Transcribe the data that follows in full. Leave out the pictures.

*SOURCE DATA*:
________________________________________
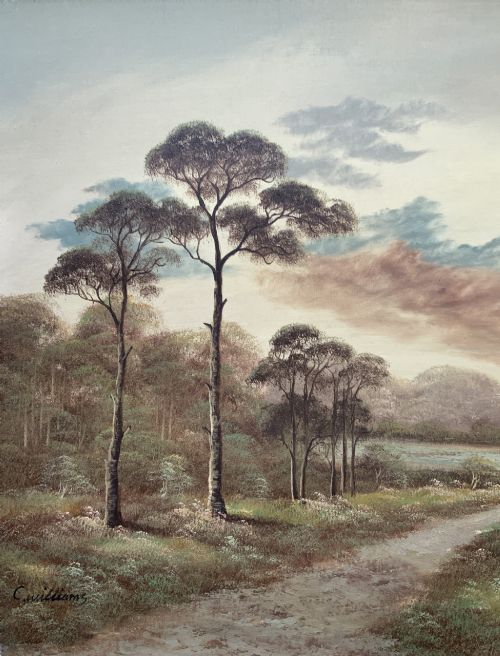 fig 3. A twentieth-century framed oil painting depicting a countryside path alongside a reflective pond, surrounded by tall trees and distant hills under a clouded sky.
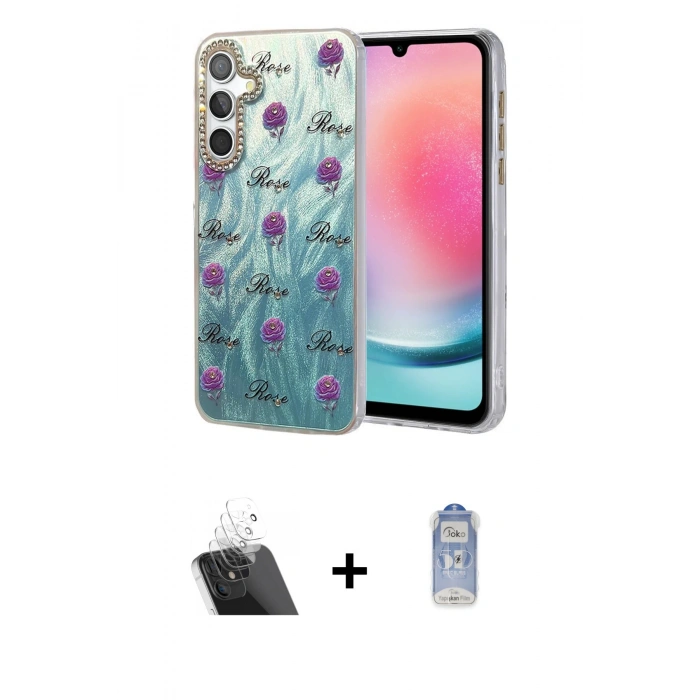 MARSİLYAN™- Galaxy A24 4G Kılıf Zirve Modern Prime - Siyah Joko Magic 5D Cam + Şeffaf Kamera Lens Koruma Cam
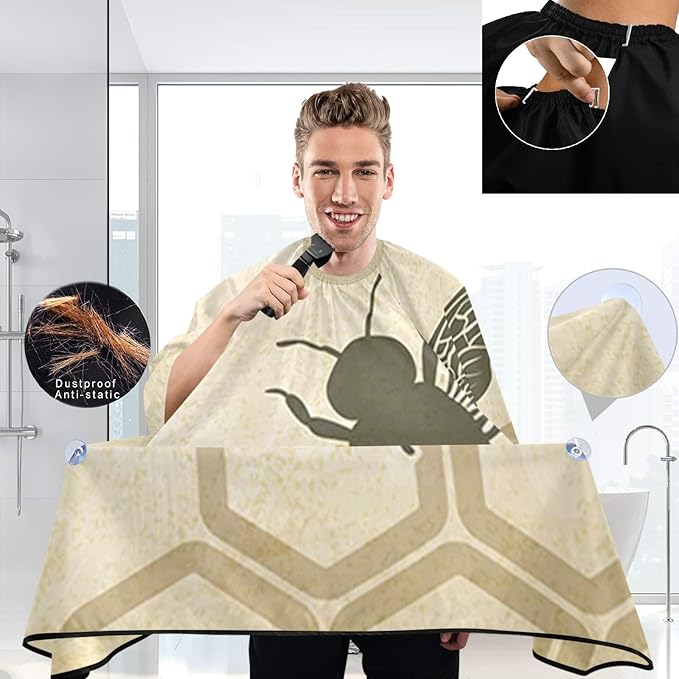 visesunny Professional Barber Cape Polyester Hair Cutting Salon Cape Apron Anti-Static Beard Bib Grooming Apron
________________________________________
*SOLUTION FOR THIS PROBLEM*:
 fig 3. A twentieth-century framed oil painting depicting a countryside path alongside a reflective pond, surrounded by tall trees and distant hills under a clouded sky.
 MARSİLYAN™- Galaxy A24 4G Kılıf Zirve Modern Prime - Siyah Joko Magic 5D Cam + Şeffaf Kamera Lens Koruma Cam
 visesunny Professional Barber Cape Polyester Hair Cutting Salon Cape Apron Anti-Static Beard Bib Grooming Apron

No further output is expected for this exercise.